The Runner is designed to operate as a worker in a horizontally scalable worker pool: multiple Runner replicas can share the workload from JetStream while preserving ordering and idempotency guarantees per workflow key.

Multi-Tenancy:
Multi-tenancy is first-class via tenant_id. When enabled:

  • Routing: All inbound admin/query requests are tenant-scoped using the x-tenant-id header (same key as other components).
  • Stream Isolation: JetStream subjects and durable consumer names are tenant-aware (e.g., tenant.<tenant_id>.aggregate.*.*, tenant.<tenant_id>.workflow.*.*).
  • Storage Namespacing: Saga state, outbox items, checkpoints, and scheduling state are keyed with tenant_id prefixes to prevent cross-tenant reads/writes.
  • Worker Partitioning: Runner instances may be sharded by tenant_id (tenant placement) or may run multi-tenant with strict subject + key isolation.
  • Backward Compatibility: Deployments without multi-tenancy use a default/empty tenant_id and non-tenant-prefixed namespaces.

Dependencies:

  • Core crates pulled from the custom Cargo registry:

    [registries.madapes]
    index = "sparse+https://git.madapes.com/api/packages/madapes/cargo/"
    
    Crate Purpose
    edge-storage libmdbx-backed KvStore for saga state, checkpoints, outbox, and schedules
    runtime-function Deterministic DAG execution for Saga on_event / compensation programs
    edge-logger-client High-performance logging (UDS + Protobuf, Loki sink)
    query-engine Optional UQF queries over workflow state (admin/debug tooling)
    async-nats NATS JetStream client for consuming events and dispatching workflow messages
  • Source code available at ../../madapes/

  • Note: This is a standalone container, aligned with Aggregate/Projection operational constraints and patterns.

Observability:

  • Production stack: Grafana + Victoria Metrics + Loki
  • Logs via edge-logger-client with multi-tenant isolation and cardinality protection
  • Metrics exported in Prometheus format for Victoria Metrics scraping (worker lag, outbox depth, effect latency)
  • Trace correlation via propagated trace_id in message metadata and log fields

1. Core Responsibilities

  • Event Consumption (Triggering): Consumes Aggregate events (and optionally workflow events) from JetStream using durable consumers and subject filters.
  • Saga Execution: Runs deterministic Saga on_event programs (runtime-function DAG) to compute (new_state, outgoing_work[]).
  • Atomic Persistence (State + Outbox + Checkpoint): Commits saga state updates, newly produced work items, and processing checkpoints in a single KvStore transaction.
  • Outbox Relay: Reliably dispatches outgoing work to the appropriate destination (Gateway command submission, Effect Provider command stream) after it is durably recorded.
  • Effect Execution: Runs Effect Provider workflows that translate internal “effect commands” into external actions (HTTP/gRPC/SMTP/SQL) and publishes result events back into JetStream.
  • Scheduling (Durable Timeouts): Provides durable timers/reminders for sagas (e.g., “cancel order if not paid in 30 minutes”) without relying on in-memory timers as the source of truth.
  • Backpressure + Safety: Enforces max in-flight work, retry policies, and poison-message handling to keep the worker pool healthy.
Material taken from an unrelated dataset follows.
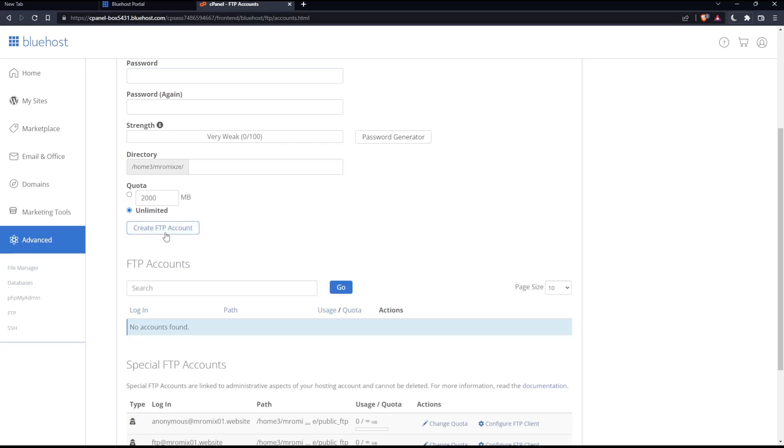which will create an FTP website for you on your account on Bluehost. So this will be it for this tutorial. I hope you liked it. Thank you guys for watching and goodbye.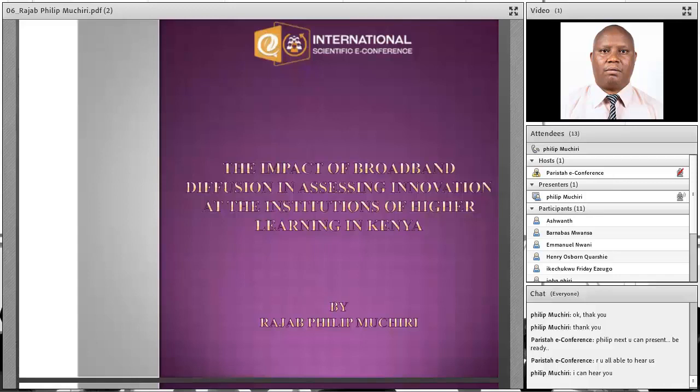My name is Rajab Philip Moshiri, and I'm presenting a paper on the impact of broadband diffusion in assessing innovation at institutions of higher learning.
2. Runner Operating Modes (Single Binary, Multiple Roles)

The Runner can be deployed in one of these modes:

  1. Saga Worker: Consumes trigger events and advances saga state machines; emits commands/effect commands via outbox.
  2. Effect Worker: Consumes effect commands, executes real-world side effects, publishes result events.
  3. Combined Worker: Runs both roles in the same container for small deployments (still with strict separation between deterministic saga runtime and non-deterministic effect execution).

Each mode uses the same multitenant model and can scale horizontally by increasing replica count.


3. Data Model (Keys, Envelopes, Namespaces)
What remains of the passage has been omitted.